Motions for Extensions of Time: Duty to Confer Prior to requesting an extension of time to file pretrial motions, counsel for the moving party must confer with opposing counsel to obtain consent, and state in the motion whether consent was obtained. Appropriate language excluding such delay from the operation of the Speedy Trial Act must be included in any proposed order on such a motion. The duty to meet and confer extends to parties appearing pro se. Unless the scheduled status conference will occur after the deadline to file pretrial motions, any such motion shall only be filed after the status conference with the Court.

Any premature motion will be denied without prejudice. B. Motions for Pre-Plea Presentence Report The Court will not grant a motion for a pre-plea presentence report unless a criminal defendant has consented to the submittal and disclosure of such report, consistent with Federal Rule of Criminal Procedure 32(e)(1). Defendant’s written consent/waiver shall be deemed acceptable to the Court if it is in the following form: DEFENDANT’S CONSENT TO SUBMITTAL AND DISCLOSURE OF A LIMITED PRESENTENCE INVESTIGATION REPORT AND WAIVER OF FEDERAL RULE OF CRIMINAL PROCEDURE 32(e)(1) I, [NAME OF CRIMINAL DEFENDANT], after having been fully advised of my rights pursuant to Federal Rule of Criminal Procedure 32(e)(1), the text of which is set forth below, consent to the submittal and disclosure of a limited presentence investigation report by the United States 8 Probation Office. This report shall be for the limited purpose of obtaining a criminal history calculation as it applies to career offender status and its impact on my criminal history score and offense level.

I consent to the review of my presentence investigation report by a judge at any time, including the time prior to entry of a plea of guilty or nolo contendere. I further acknowledge the report will be made available for review to the parties in this case, including the prosecution. Federal Rule of Criminal Procedure 32(e)(1) provides that: "[u]nless the defendant has consented in writing, the probation officer must not submit a presentence report to the court or disclose its contents to anyone until the defendant has pleaded guilty or nolo contendere, or has been found guilty." I have read, or had read to me, the foregoing consent and waiver and fully understand it. [SIGNATURE OF CRIMINAL DEFENDANT] C. Motions to Travel Defendant’s counsel shall make every effort to ascertain the position of the government as well as the Probation/Pretrial Services Office before filing a motion to travel and include said positions in any motion. D. Motions for Protective Order Prior filing any motions for protective order, the parties must meet and confer in good-faith regarding the protective order, and if the dispute is not resolved, file a certificate of conferral in compliance with Local Civil Rule 16.1.C.4.

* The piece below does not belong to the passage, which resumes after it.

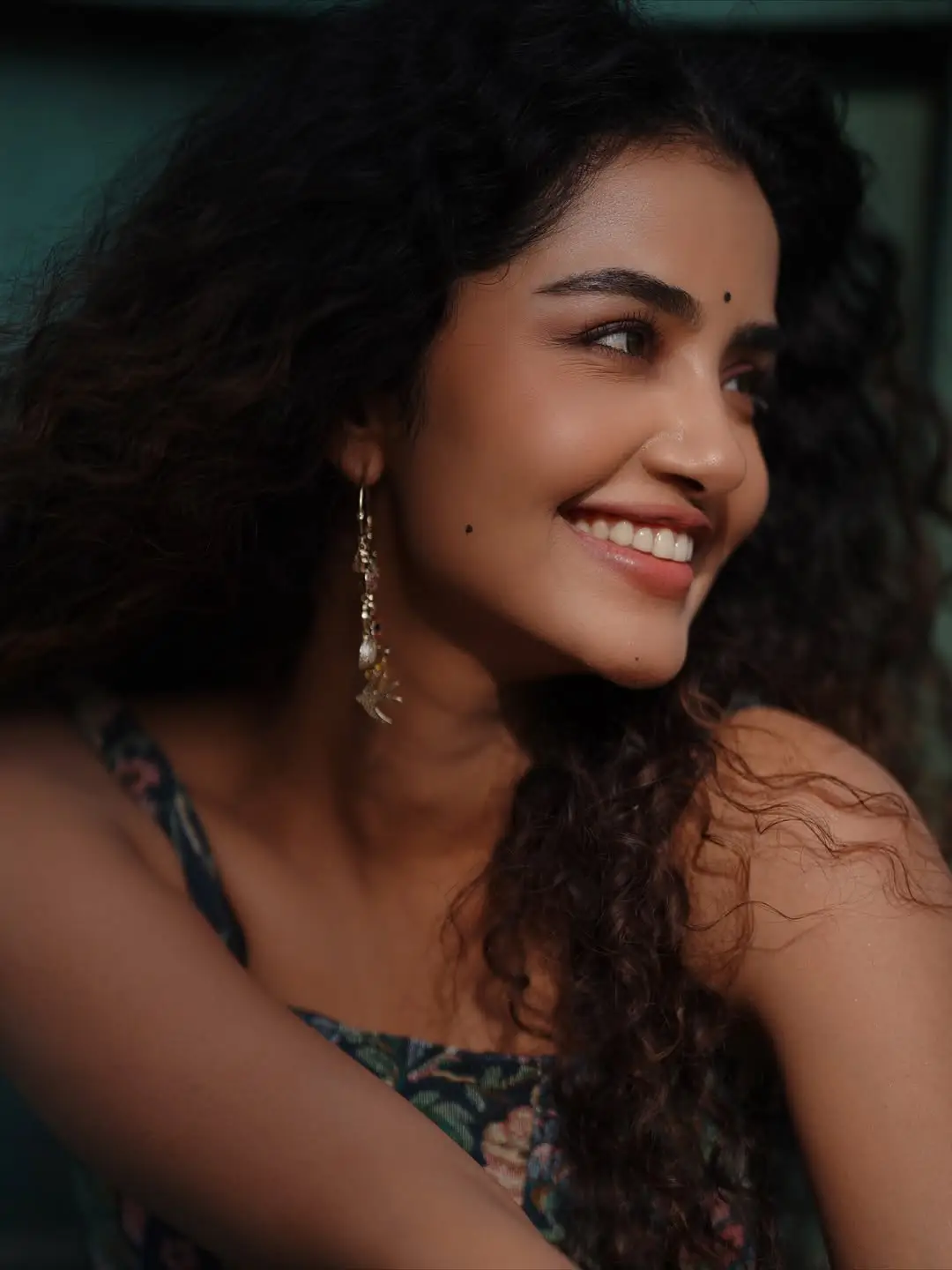 Anupama Parameswaran's latest photos are going viral on social media. (1)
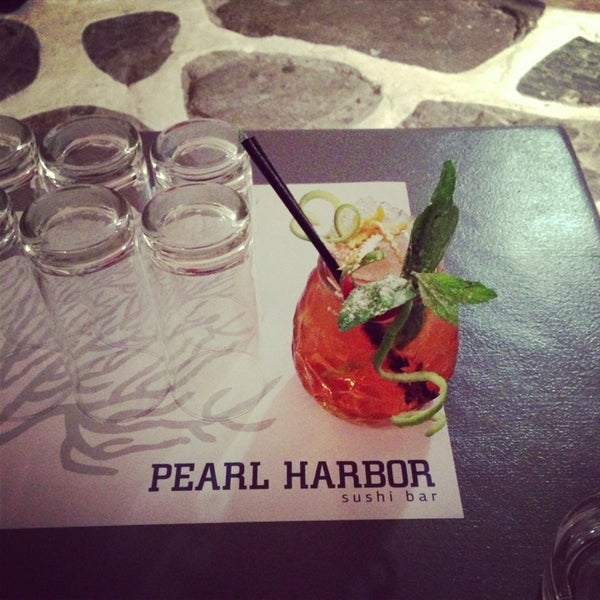 Das Foto wurde bei Pearl Harbor Sushi Bar von Alexia F. am 6/21/2013 aufgenommen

The Motion and proposed Protective Order shall each provide adequate information to support a finding of good cause for the issuance of the proposed Protective Order. The duty to meet and confer extends to parties appearing pro se. E. Pretrial Motions and Motions for Discovery Prior filing any pretrial motions or motions for discovery, counsel for Defendant must meet and confer with the United States in a good-faith effort to resolve the dispute, and if the dispute is not resolved, file a certificate of conferral in compliance with Local Civil Rule 16.1.C.4. The duty to meet and confer extends to parties appearing pro se.